• [AIM OF THE EXERCISE]
Please repeat, exactly as they stand, the line containing "Thomas Kasper stellt" and the lines after it through the final line of the listing below, minus pictures.

• [GIVEN MATERIAL]
Content starts

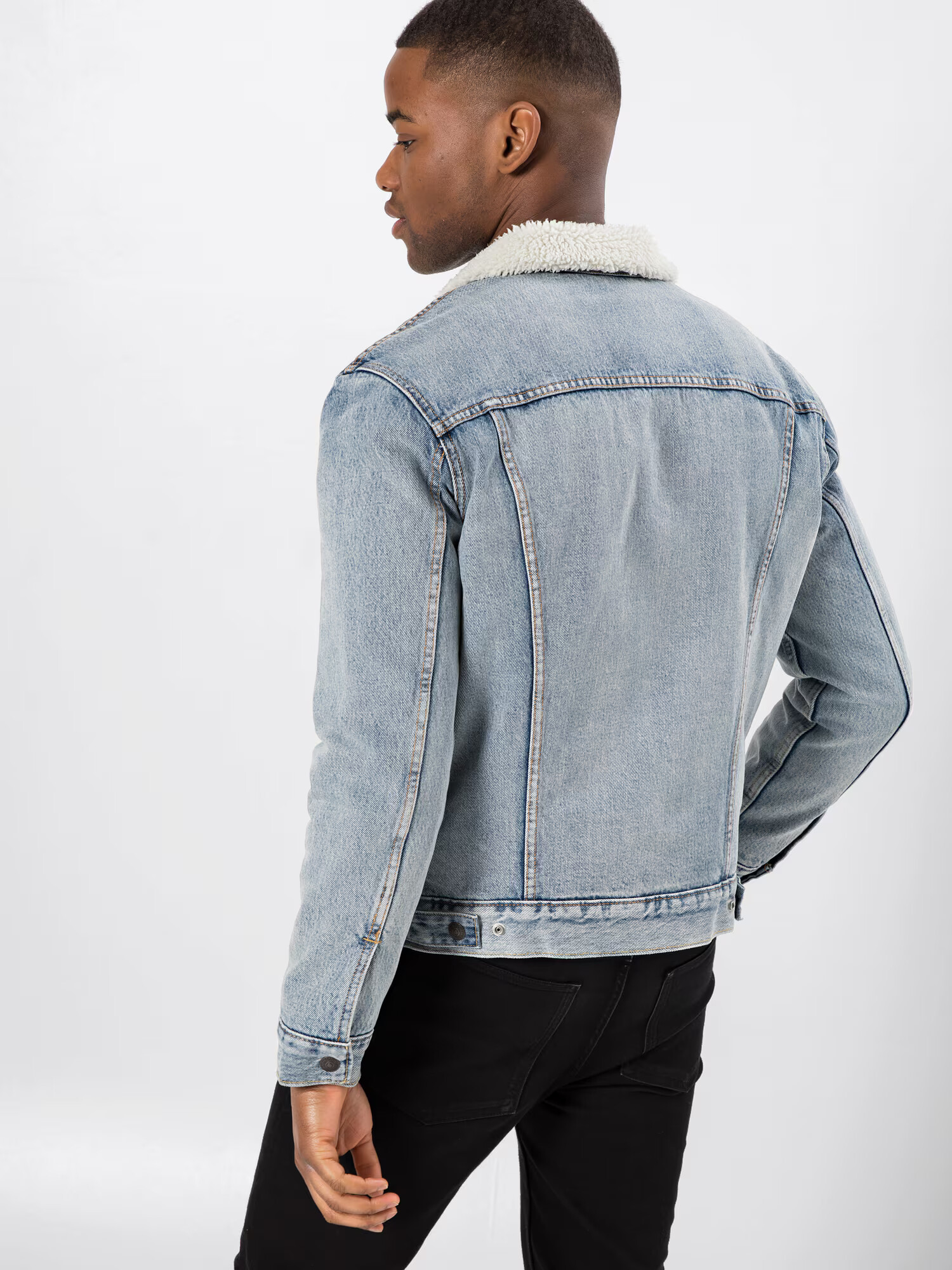 LEVI'S Prehodna jakna 'TYPE 3 SHERPA TRUCKER MED INDIGO - WORN IN' moder denim - Pepit.si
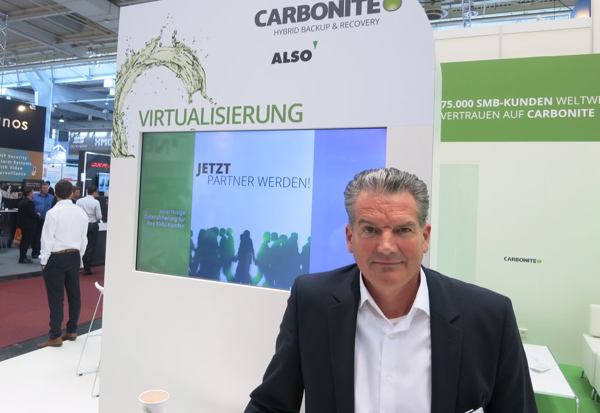 Thomas Kasper stellt auf der CeBIT 2015 die Hybrid-Backup-Lösung vor (Bild: speicherguide.de)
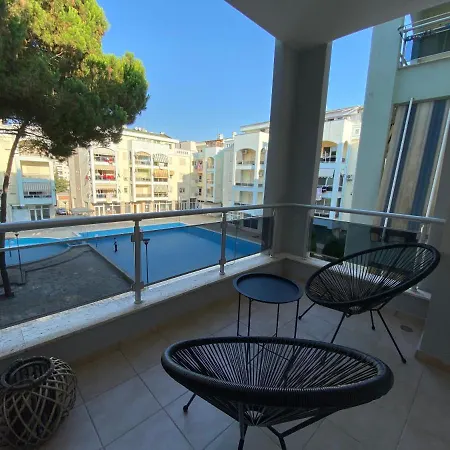 Joyb Near Golem, Durres ゴーレム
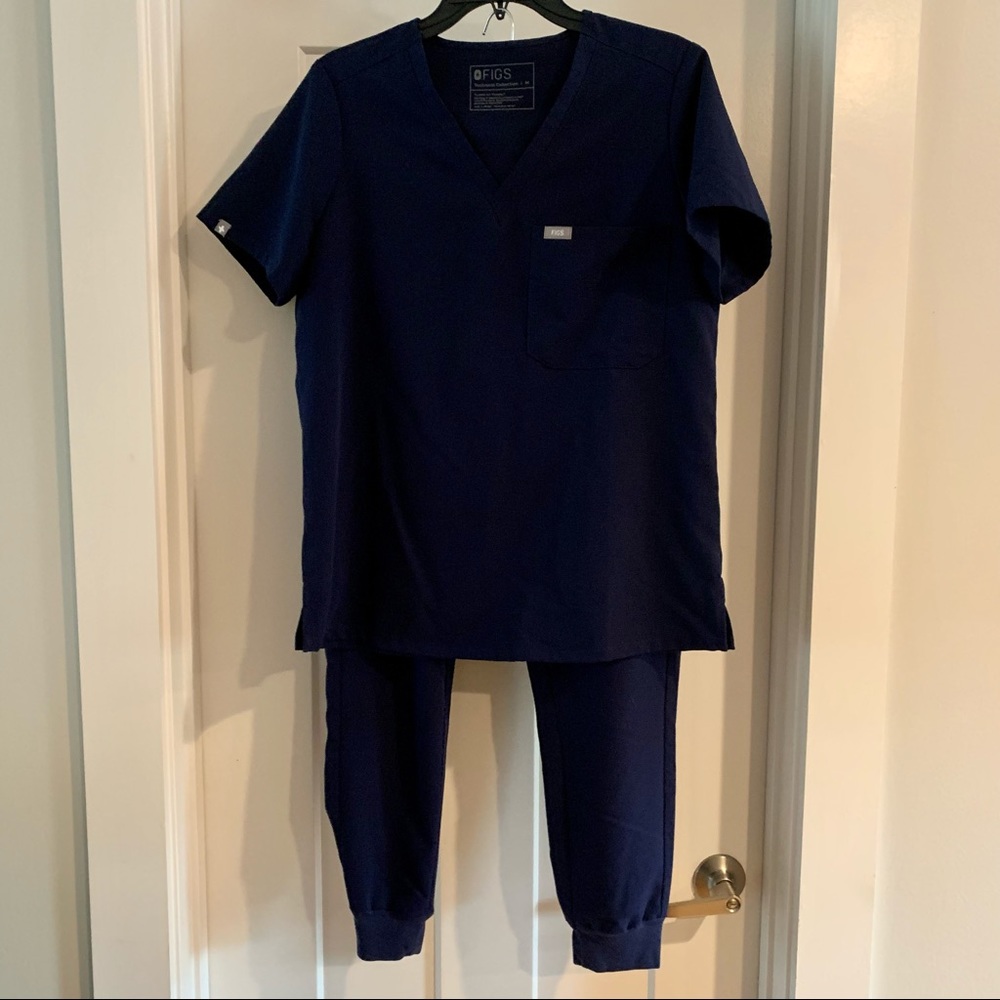 Jogger Scrub Pants and One-Pocket Scrub Top (figs)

Content ends

• [REPLY TO THE EXERCISE]
 Thomas Kasper stellt auf der CeBIT 2015 die Hybrid-Backup-Lösung vor (Bild: speicherguide.de)
 Joyb Near Golem, Durres ゴーレム
 Jogger Scrub Pants and One-Pocket Scrub Top (figs)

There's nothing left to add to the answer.